Records from a dataset
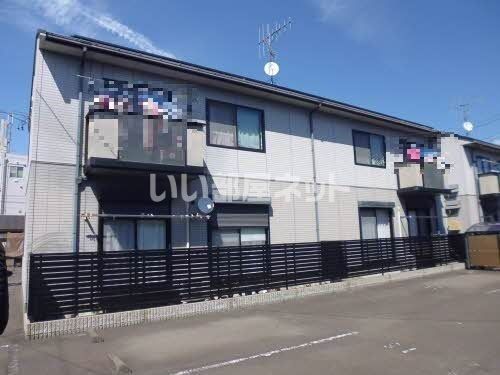 プランドールSDの外観画像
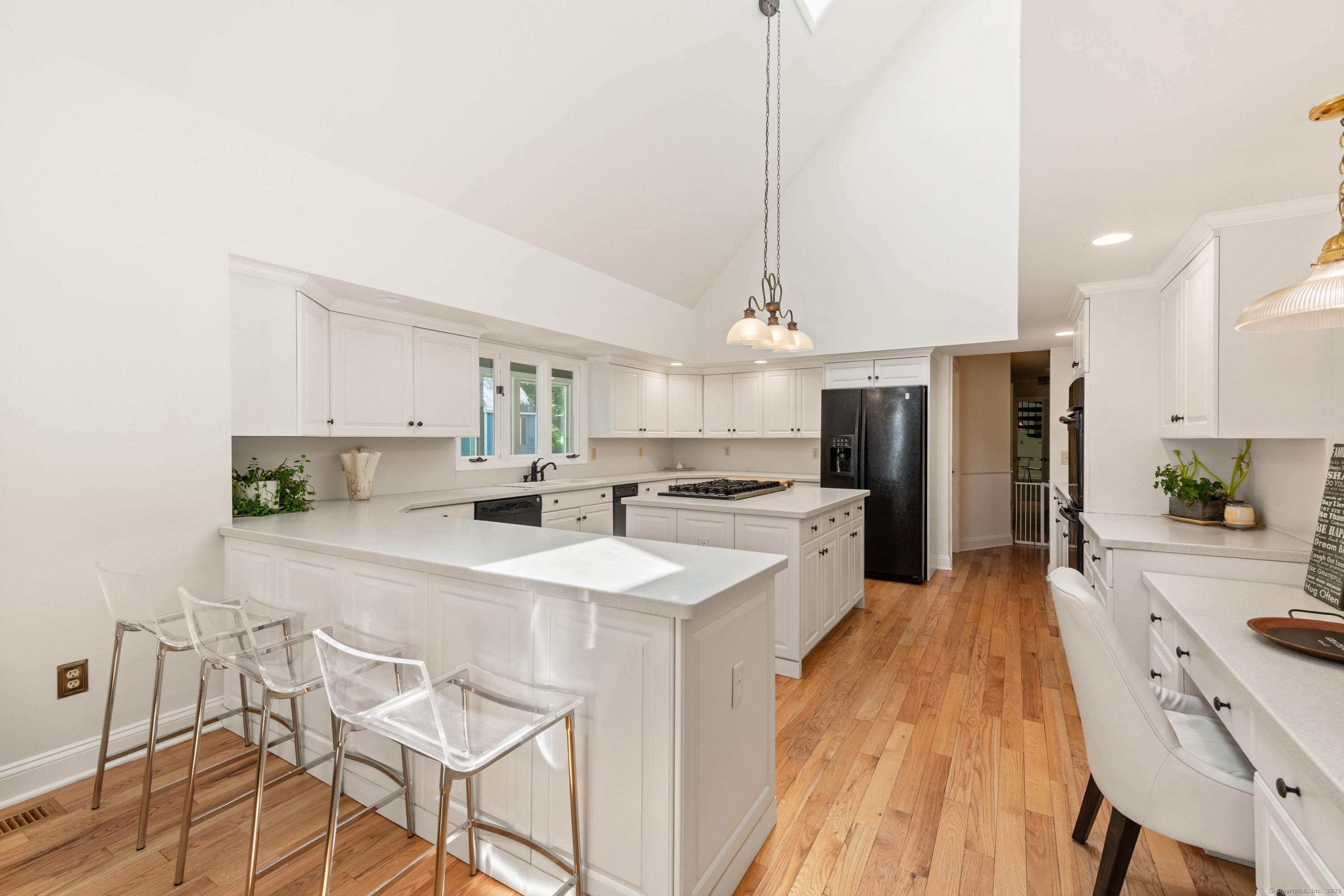 212 Fence Row Drive Fairfield CT 06824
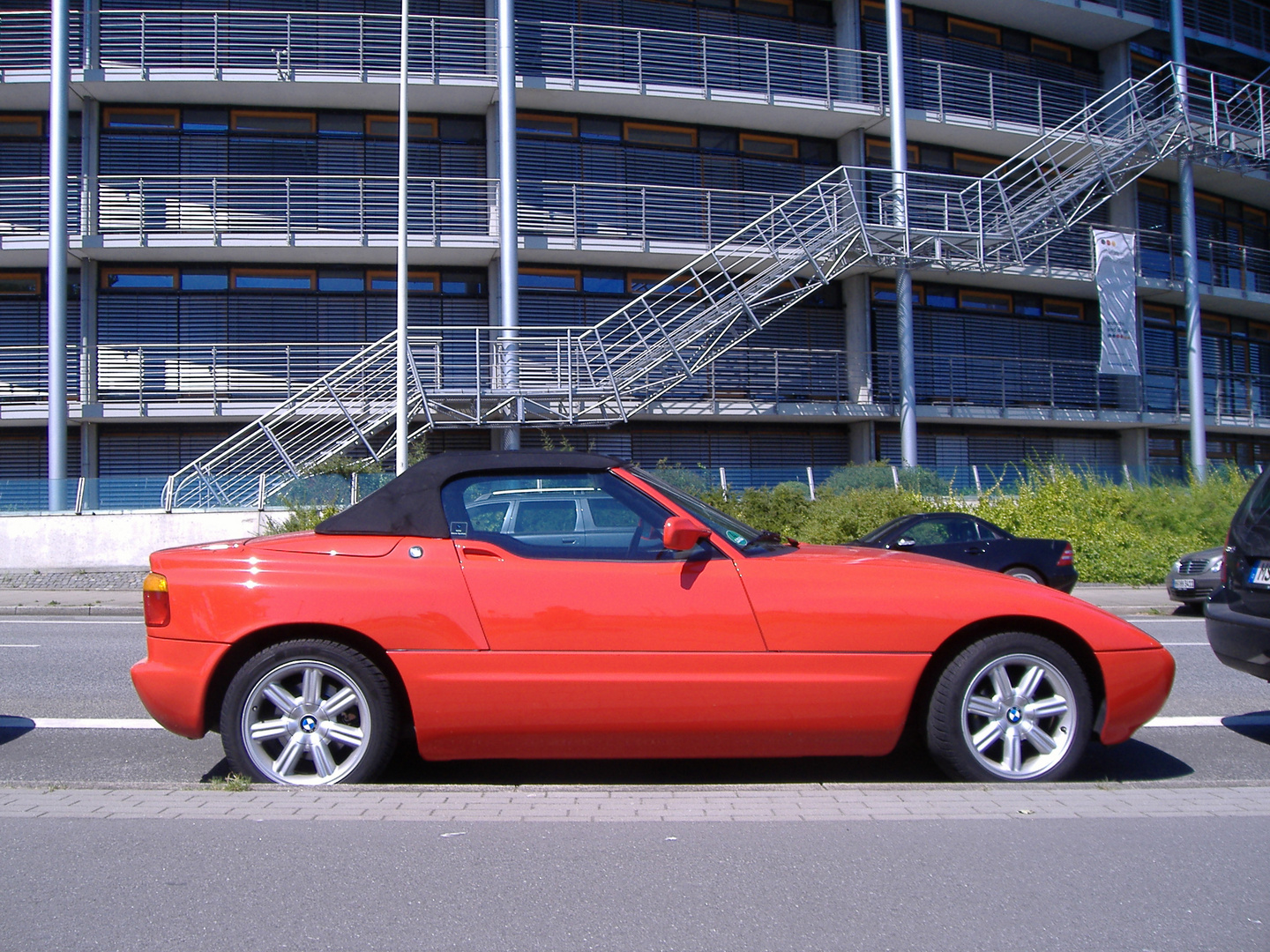 BMW Z1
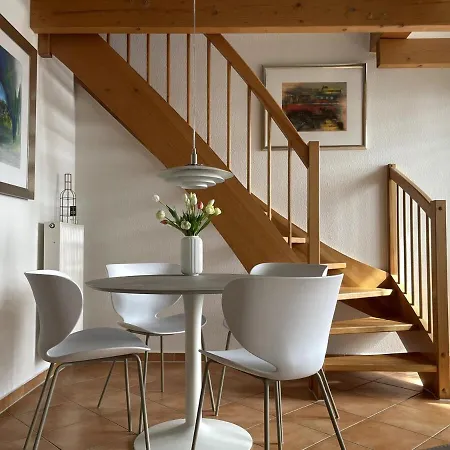 Strandloft Am Yachthafen Apartament Rerik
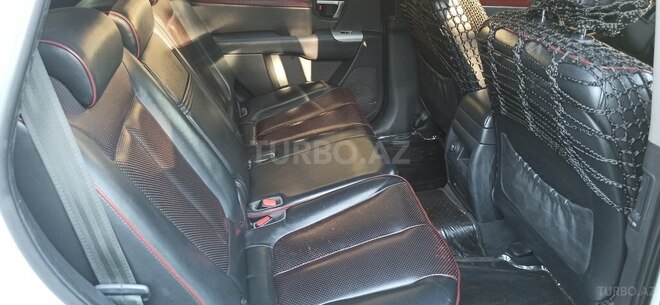 Hyundai Santa Fe 2008, 125,000 km - 2.7 l - Bakı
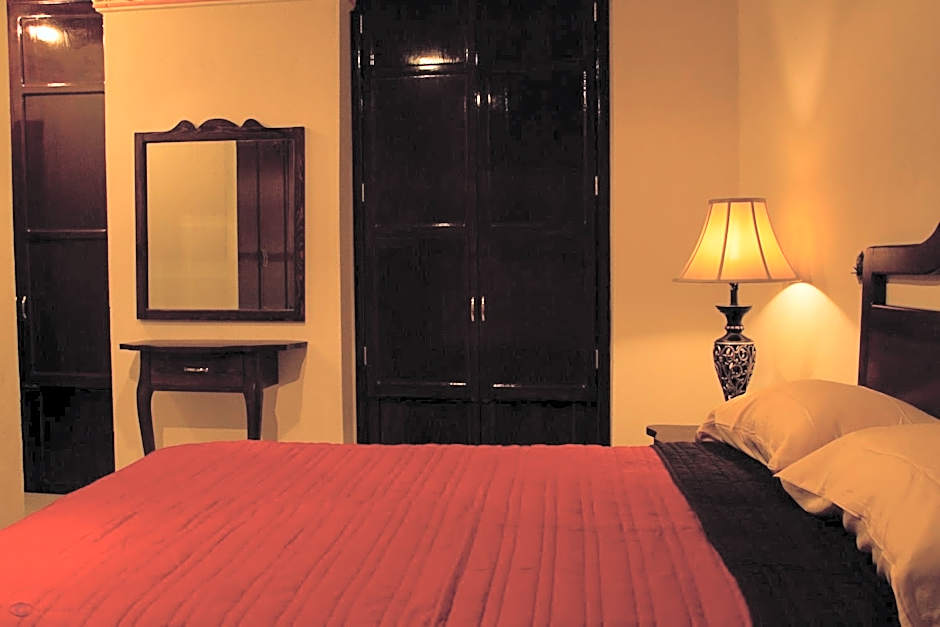 Cuartel 1914 - Hotel Boutique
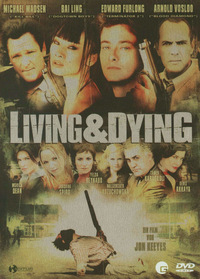 Living & Dying (DVD)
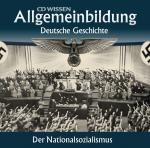 Cover-Bild CD WISSEN – Allgemeinbildung - Deutsche Geschichte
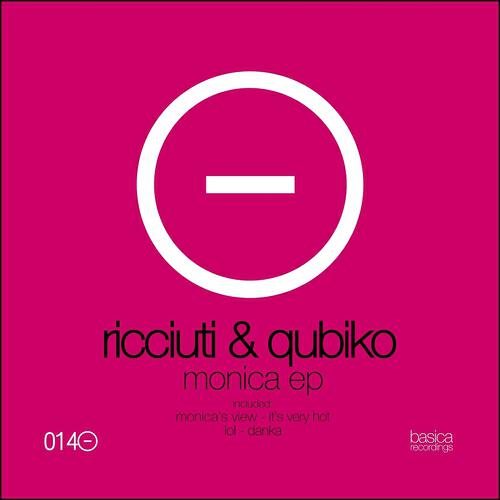 Fabio Ricciuti - Danka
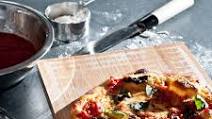 No-Knead Pizza Dough No-Knead Pizza Dough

**YOUR INSTRUCTIONS**
Return every entry word for word, leaving the pictures out.

**RESPONSE**
 プランドールSDの外観画像
 212 Fence Row Drive Fairfield CT 06824
 BMW Z1
 Strandloft Am Yachthafen Apartament Rerik
 Hyundai Santa Fe 2008, 125,000 km - 2.7 l - Bakı
 Cuartel 1914 - Hotel Boutique
 Living & Dying (DVD)
 Cover-Bild CD WISSEN – Allgemeinbildung - Deutsche Geschichte
 Fabio Ricciuti - Danka
 No-Knead Pizza Dough No-Knead Pizza Dough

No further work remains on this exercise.